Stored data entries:

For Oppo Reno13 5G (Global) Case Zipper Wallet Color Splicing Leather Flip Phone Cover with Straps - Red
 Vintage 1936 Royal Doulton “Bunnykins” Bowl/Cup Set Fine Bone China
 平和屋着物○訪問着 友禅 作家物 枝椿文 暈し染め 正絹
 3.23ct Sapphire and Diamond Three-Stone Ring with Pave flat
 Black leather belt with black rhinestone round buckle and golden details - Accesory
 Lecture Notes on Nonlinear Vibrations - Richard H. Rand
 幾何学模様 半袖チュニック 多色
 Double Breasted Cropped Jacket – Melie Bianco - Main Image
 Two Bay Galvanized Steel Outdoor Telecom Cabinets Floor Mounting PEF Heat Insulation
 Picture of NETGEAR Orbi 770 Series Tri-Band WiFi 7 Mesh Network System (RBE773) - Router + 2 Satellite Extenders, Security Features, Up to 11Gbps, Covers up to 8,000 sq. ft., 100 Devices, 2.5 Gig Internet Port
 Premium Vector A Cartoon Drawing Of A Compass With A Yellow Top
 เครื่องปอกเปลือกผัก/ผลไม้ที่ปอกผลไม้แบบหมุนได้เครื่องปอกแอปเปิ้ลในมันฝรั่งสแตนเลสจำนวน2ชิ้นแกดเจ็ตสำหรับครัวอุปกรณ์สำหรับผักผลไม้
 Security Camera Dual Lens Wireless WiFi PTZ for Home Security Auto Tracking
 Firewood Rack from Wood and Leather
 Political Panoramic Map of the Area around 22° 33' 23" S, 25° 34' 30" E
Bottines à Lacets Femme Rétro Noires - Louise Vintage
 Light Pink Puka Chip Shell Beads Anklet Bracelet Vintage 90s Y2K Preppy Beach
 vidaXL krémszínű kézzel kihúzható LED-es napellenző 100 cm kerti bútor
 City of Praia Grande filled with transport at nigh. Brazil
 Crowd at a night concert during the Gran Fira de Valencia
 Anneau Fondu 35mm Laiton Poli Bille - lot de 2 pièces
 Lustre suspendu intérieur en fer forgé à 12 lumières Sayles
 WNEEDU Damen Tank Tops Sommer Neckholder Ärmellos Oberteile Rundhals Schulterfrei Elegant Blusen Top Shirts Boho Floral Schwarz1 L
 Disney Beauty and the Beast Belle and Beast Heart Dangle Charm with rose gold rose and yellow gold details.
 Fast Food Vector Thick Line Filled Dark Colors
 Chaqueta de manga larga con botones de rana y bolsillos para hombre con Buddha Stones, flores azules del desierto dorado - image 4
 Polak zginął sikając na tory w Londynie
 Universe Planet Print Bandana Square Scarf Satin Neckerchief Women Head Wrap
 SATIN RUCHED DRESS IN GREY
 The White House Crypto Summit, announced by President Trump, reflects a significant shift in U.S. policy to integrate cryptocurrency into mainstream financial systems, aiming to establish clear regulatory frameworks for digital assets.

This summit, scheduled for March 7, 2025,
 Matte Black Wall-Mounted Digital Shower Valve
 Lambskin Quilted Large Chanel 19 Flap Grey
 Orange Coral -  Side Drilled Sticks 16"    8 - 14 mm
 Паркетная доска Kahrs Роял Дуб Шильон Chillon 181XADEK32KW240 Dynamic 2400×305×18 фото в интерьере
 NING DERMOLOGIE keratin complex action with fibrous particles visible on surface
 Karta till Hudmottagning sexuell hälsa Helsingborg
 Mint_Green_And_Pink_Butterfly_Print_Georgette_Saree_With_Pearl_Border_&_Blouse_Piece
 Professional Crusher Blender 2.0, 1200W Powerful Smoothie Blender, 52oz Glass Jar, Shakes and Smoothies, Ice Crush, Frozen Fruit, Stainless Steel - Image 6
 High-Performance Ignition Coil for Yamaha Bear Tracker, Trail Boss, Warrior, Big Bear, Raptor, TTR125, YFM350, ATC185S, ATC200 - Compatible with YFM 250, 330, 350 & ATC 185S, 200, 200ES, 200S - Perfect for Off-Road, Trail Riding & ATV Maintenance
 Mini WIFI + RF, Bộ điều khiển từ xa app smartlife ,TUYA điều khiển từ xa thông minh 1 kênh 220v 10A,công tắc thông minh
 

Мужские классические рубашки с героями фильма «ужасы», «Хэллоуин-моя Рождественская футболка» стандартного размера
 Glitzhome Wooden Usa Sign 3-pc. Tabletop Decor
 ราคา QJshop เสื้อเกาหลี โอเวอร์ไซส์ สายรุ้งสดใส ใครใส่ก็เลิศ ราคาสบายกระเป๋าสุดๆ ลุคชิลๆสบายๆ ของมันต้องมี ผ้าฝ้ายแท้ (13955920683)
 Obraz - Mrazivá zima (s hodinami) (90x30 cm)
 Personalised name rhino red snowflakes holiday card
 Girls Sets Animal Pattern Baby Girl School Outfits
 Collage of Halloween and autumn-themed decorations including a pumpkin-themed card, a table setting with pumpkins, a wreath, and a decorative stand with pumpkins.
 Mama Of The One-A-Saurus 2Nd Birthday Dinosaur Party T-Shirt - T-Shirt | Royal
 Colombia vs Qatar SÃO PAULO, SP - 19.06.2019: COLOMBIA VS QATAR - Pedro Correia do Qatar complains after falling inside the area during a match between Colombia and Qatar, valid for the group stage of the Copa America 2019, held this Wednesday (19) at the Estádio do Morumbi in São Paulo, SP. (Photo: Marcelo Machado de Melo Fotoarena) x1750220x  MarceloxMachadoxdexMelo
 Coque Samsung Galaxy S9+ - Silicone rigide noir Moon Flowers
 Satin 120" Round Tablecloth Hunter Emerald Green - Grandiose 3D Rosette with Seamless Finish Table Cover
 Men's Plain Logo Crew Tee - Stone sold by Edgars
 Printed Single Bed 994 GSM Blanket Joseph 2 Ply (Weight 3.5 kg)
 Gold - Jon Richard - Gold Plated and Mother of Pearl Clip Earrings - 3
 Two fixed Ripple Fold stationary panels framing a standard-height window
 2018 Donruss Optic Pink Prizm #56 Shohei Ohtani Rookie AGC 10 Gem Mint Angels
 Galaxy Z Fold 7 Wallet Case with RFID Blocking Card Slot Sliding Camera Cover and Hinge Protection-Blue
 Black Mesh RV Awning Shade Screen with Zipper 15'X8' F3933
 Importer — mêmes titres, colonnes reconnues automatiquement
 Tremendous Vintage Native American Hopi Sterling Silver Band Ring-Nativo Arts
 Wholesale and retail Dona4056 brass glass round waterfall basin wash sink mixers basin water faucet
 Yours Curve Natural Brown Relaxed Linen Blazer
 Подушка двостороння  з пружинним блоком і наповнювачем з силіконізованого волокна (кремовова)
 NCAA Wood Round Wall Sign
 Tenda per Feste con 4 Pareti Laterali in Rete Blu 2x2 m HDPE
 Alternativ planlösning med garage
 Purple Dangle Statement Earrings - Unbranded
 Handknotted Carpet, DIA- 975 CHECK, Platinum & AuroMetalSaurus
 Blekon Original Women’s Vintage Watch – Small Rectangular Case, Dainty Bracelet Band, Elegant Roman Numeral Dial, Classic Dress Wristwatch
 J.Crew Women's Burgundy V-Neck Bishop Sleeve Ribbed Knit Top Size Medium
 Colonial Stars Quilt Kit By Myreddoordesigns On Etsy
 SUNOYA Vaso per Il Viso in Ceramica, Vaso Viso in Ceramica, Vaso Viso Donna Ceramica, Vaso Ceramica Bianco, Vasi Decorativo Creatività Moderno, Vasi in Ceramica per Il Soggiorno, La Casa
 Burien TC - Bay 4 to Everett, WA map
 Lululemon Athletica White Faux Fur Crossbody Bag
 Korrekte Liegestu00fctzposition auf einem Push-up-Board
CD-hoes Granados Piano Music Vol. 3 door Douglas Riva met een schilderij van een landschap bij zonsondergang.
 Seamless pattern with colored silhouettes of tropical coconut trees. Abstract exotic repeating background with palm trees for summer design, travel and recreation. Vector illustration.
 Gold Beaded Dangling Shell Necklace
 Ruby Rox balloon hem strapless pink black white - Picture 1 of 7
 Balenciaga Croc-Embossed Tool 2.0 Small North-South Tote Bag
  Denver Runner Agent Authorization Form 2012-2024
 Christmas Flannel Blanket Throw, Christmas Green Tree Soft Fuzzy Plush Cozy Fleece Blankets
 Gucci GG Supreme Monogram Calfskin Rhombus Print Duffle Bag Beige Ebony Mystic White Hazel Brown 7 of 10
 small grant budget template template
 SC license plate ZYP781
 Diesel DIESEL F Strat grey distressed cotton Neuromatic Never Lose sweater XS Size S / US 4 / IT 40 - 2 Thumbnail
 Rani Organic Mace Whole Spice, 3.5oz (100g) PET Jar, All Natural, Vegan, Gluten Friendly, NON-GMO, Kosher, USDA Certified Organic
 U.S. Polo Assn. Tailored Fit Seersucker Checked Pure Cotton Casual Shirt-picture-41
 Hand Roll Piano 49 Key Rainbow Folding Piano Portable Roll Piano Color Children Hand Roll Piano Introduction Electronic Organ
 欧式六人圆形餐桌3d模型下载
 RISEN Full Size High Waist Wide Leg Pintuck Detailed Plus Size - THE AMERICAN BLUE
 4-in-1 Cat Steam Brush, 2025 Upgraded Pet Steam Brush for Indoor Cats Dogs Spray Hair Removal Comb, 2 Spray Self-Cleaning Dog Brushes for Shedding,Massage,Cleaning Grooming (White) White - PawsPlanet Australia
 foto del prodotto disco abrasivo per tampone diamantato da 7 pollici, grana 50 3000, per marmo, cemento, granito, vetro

» **EXERCISE DIRECTIONS**:
Above are the entries. Copy exactly the part that opens with the line containing "Christmas Flannel Blanket" and closes with the line containing "Diesel DIESEL F", and no more.

» **ANSWER SPACE**:
 Christmas Flannel Blanket Throw, Christmas Green Tree Soft Fuzzy Plush Cozy Fleece Blankets
 Gucci GG Supreme Monogram Calfskin Rhombus Print Duffle Bag Beige Ebony Mystic White Hazel Brown 7 of 10
 small grant budget template template
 SC license plate ZYP781
 Diesel DIESEL F Strat grey distressed cotton Neuromatic Never Lose sweater XS Size S / US 4 / IT 40 - 2 Thumbnail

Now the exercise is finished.